In fact your listener may prefer you to have the accent. There is a funny and profound essay by Abdelfattah Kilito in which he confesses to discovering an anxiety in himself: “One day I realized that I dislike having foreigners speak my language...” and adds that the anxiety increases with the fluency of the non-native speaker. “What if this stranger speaks exactly, and expresses himself as clearly as we do?... This person who came from a faraway place causes confusion, not only because he undermines our sense of superiority but also because he suddenly robs us of our language, the principle of our existence, what we consider to be our identity, our refuge, ourselves.” He gives the example of a meeting with an American woman who spoke Moroccan Arabic like a native. He is surprised at his own reaction: “for the first time I felt that my language is slipping away from me, or rather that the American woman had robbed me of it” (Kilito, Thou Shalt not Speak my Language, 87, 91). Perhaps it’s a little like the paradox of animation technology: we admire the skill that makes the image on the screen look real, as it imitates the world outside more and more accurately, but there’s a point beyond which, if the images become too realistic, they start to look a little creepy.
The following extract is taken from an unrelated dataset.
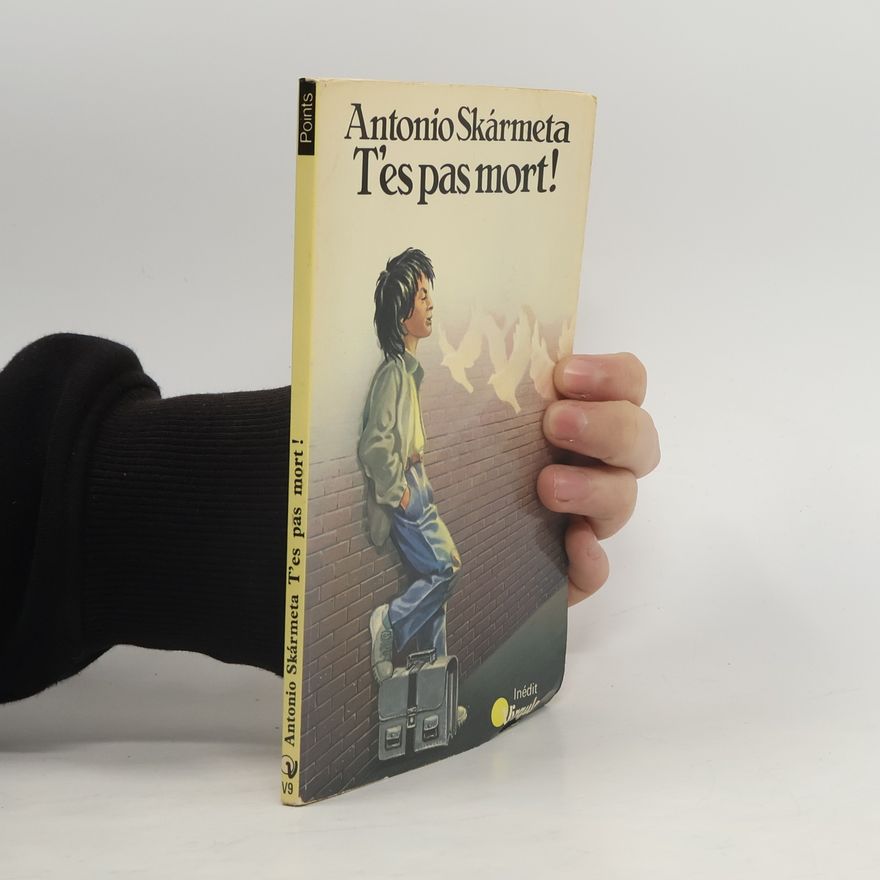 Antonio Skármeta T'es pas mort !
I’m not saying you shouldn’t try.

There is logic in language, but it rarely seems human logic. You might make an exception for the word ṣaḥḥafa which means to misread, mispronounce, misspell or distort. The noun forms at first seem discordant. A ṣaḥîfa is a leaf or a page. A muṣḥaf is a book or volume, even a copy of the Qur’ân. Ṣuḥufî is journalism. If you wanted to make a meaning out of it, you could say that there is error everywhere. There’s nary a page without it, even when you’re trying to transcribe the most respected of texts. Context can make even correct statements wrong, and vice versa. There are occasions when it would be ridiculous to get the ص right.
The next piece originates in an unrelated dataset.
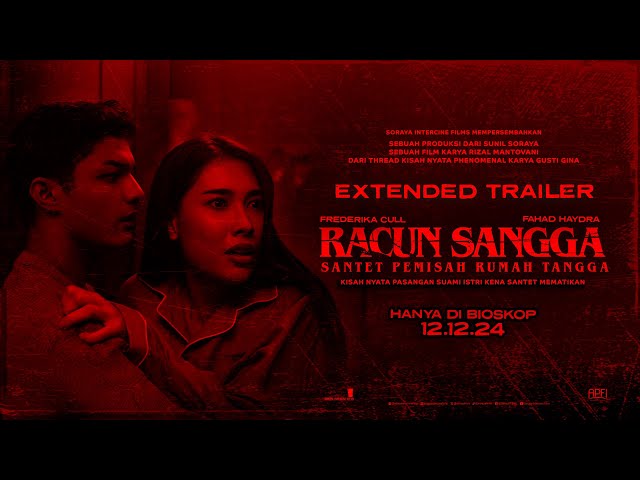 OFFICIAL EXTENDED TRAILER RACUN SANGGA : “SANTET PEMISAH RUMAH TANGGA”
In neighboring languages, Persian, Turkish or Urdu for instance, where there are no velarized S’s, an Arabic loan word with a Ṣâd gets domesticated, unapologetically, and Ṣâd gets pronounced just like a Sîn. They keep the letter and lose the sound.

In Ottoman Turkish, however, Ṣâd wasn’t just for Arabic loan words. A clever way to repurpose it developed for use in indigenous Turkish words (Ṣâd and in fact all four velarized Arabic consonants – i.e. ص plus the next three letters ض, ط, and ظ). It has to do with the vowels that follow.
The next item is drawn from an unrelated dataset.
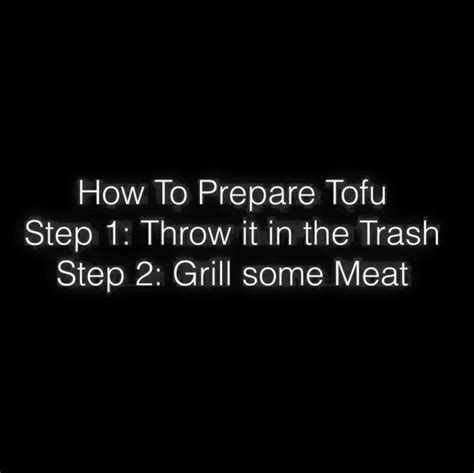 How To Prepare Tofu Funny Quotes Tofu Make Me Laugh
Turkish has a complex set of vowel distinctions which are irrelevant to Arabic. (Most vowels in Arabic aren’t shown at all except by diacritical marks – and you don’t bother with them in familiar Arabic words.) Turkish has four “back” vowels (a, u, o and ı without a dot) and four “front” vowels (e, ü, ö and i with its dot). The clever expedient in Ottoman script was to distinguish between back and front vowels by the consonant which precedes it. You would write Sîn before a front vowel and Ṣâd before a back one. So before front vowels in a word indigenous to Turkish you would use Sin, as in ses (سس), “sound”; söz (سوز), “word”; sevda ( سوداَء), “love”; and sifos (سیفوس), “useless.” With back vowels you would use ص: as in su (صو), “water”; sık (صیق), “close together” or “often”; soluk (صولوق ), “breath”; saç ( صاچ), “hair”; and sonra or songra (صوݣره) , “later.” (صوݣره has an odd appearance. We can ignore it; it’s a subject for a later chapter.)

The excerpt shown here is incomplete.